» Work required
Give a verbatim copy of the lines below, minus the pictures.

Data items
■ ■ ■ ■

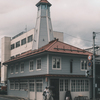 紺屋町番屋
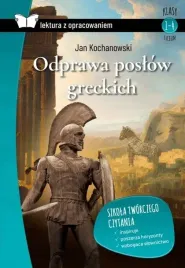odprawa-poslow-greckich-z-opracowaniem-tw-sbm-sbm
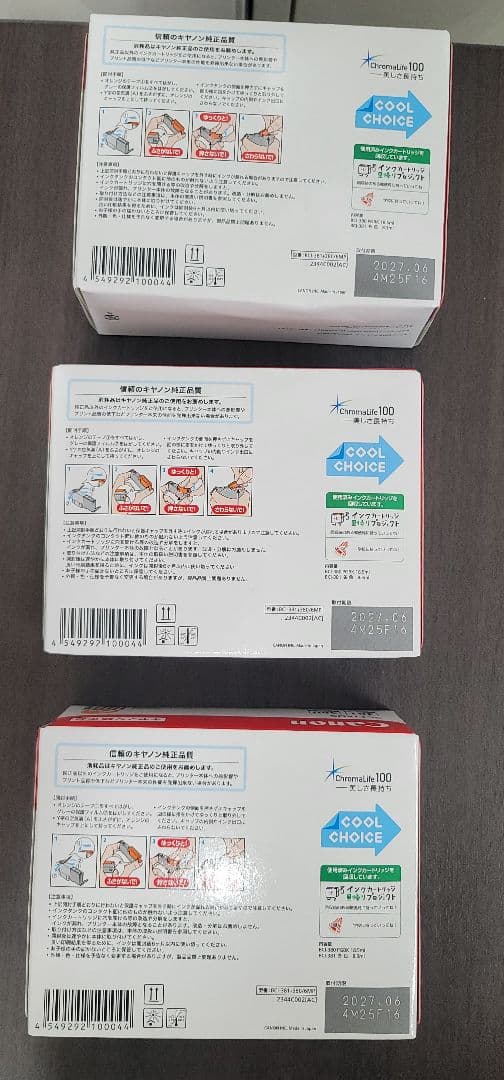 【未使用】Canon BCI-381/380 6色インクカートリッジ　新品未開封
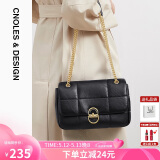 蔻一（Cnoles）斜挎包女士大容量百搭菱格小方包女包包走心520情人节礼物送女友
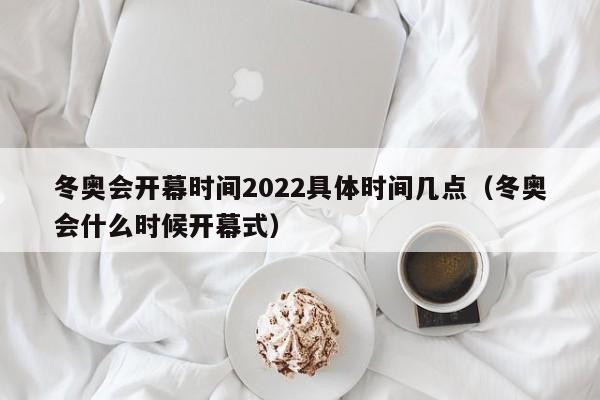 “2022年冬奥会时间” 2022年冬奥会的时间和地点？-第2张图片
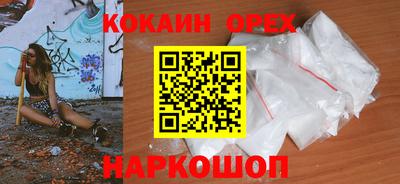 jwh Гагарин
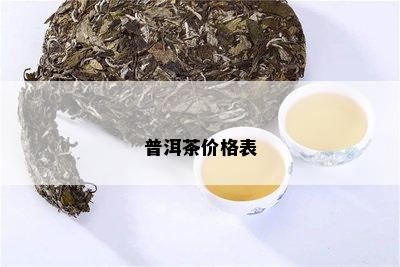 普洱茶价格表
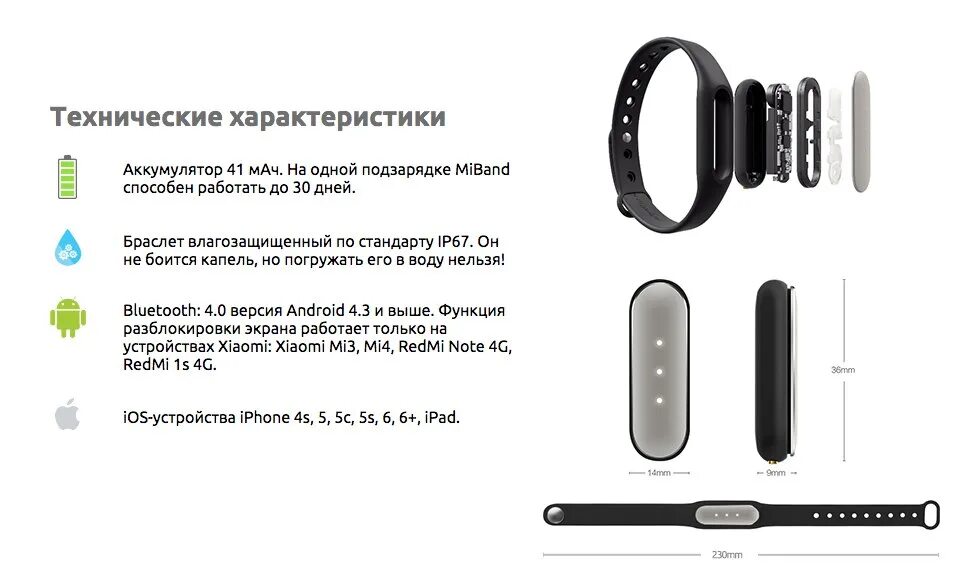 Как подключить телефон к браслету часам. Miband 2 схема. Браслет Xiaomi mi Band 5 инструкция. Xiaomi mi Smart Band 2. Xiaomi mi Band 4 отличие от 5.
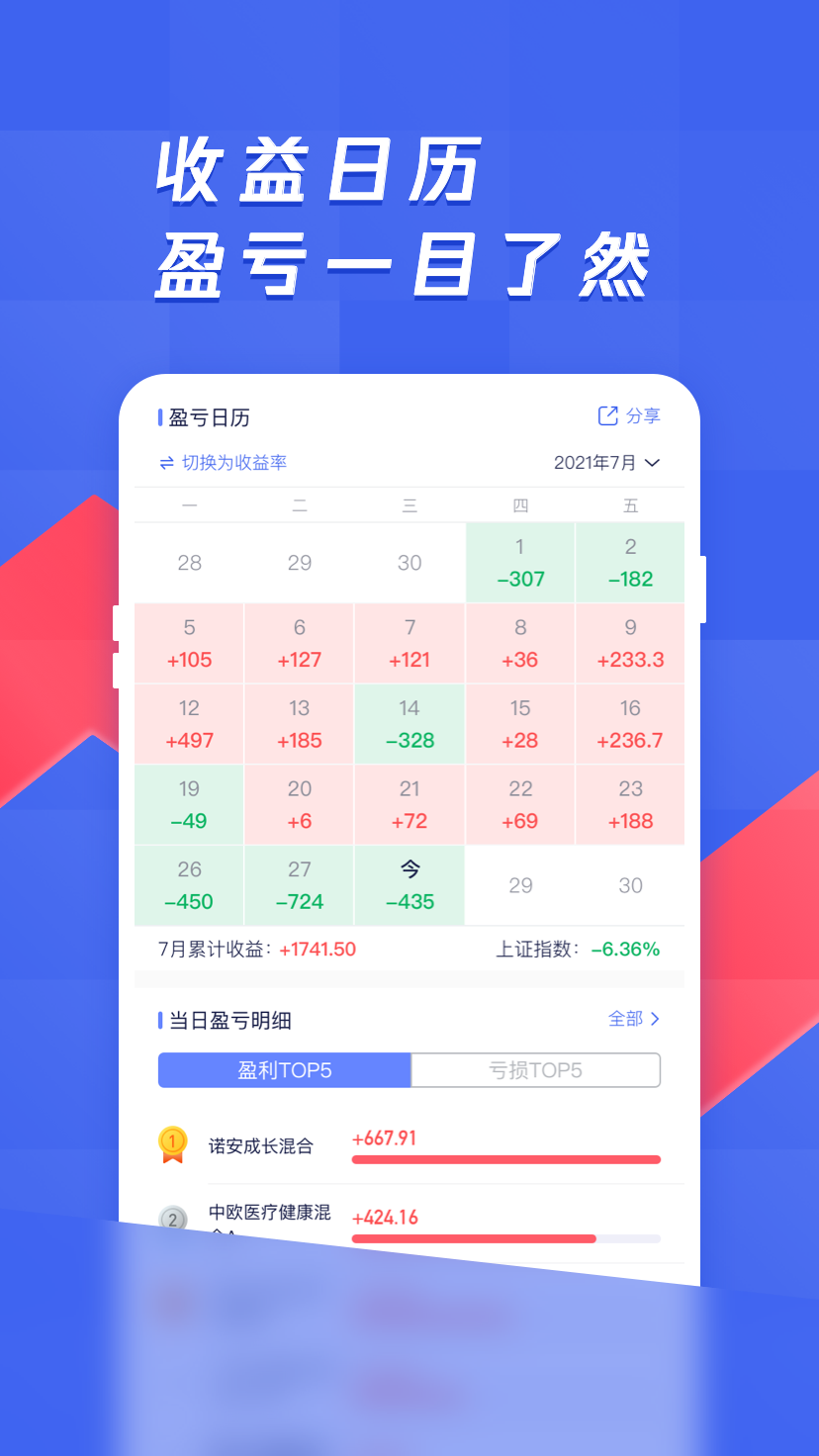 养基宝：高效基金估值与净值估算工具下载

■ ■ ■ ■

» Answer section
 紺屋町番屋
odprawa-poslow-greckich-z-opracowaniem-tw-sbm-sbm
 【未使用】Canon BCI-381/380 6色インクカートリッジ　新品未開封
 蔻一（Cnoles）斜挎包女士大容量百搭菱格小方包女包包走心520情人节礼物送女友
 “2022年冬奥会时间” 2022年冬奥会的时间和地点？-第2张图片
 jwh Гагарин
 普洱茶价格表
 Как подключить телефон к браслету часам. Miband 2 схема. Браслет Xiaomi mi Band 5 инструкция. Xiaomi mi Smart Band 2. Xiaomi mi Band 4 отличие от 5.
 养基宝：高效基金估值与净值估算工具下载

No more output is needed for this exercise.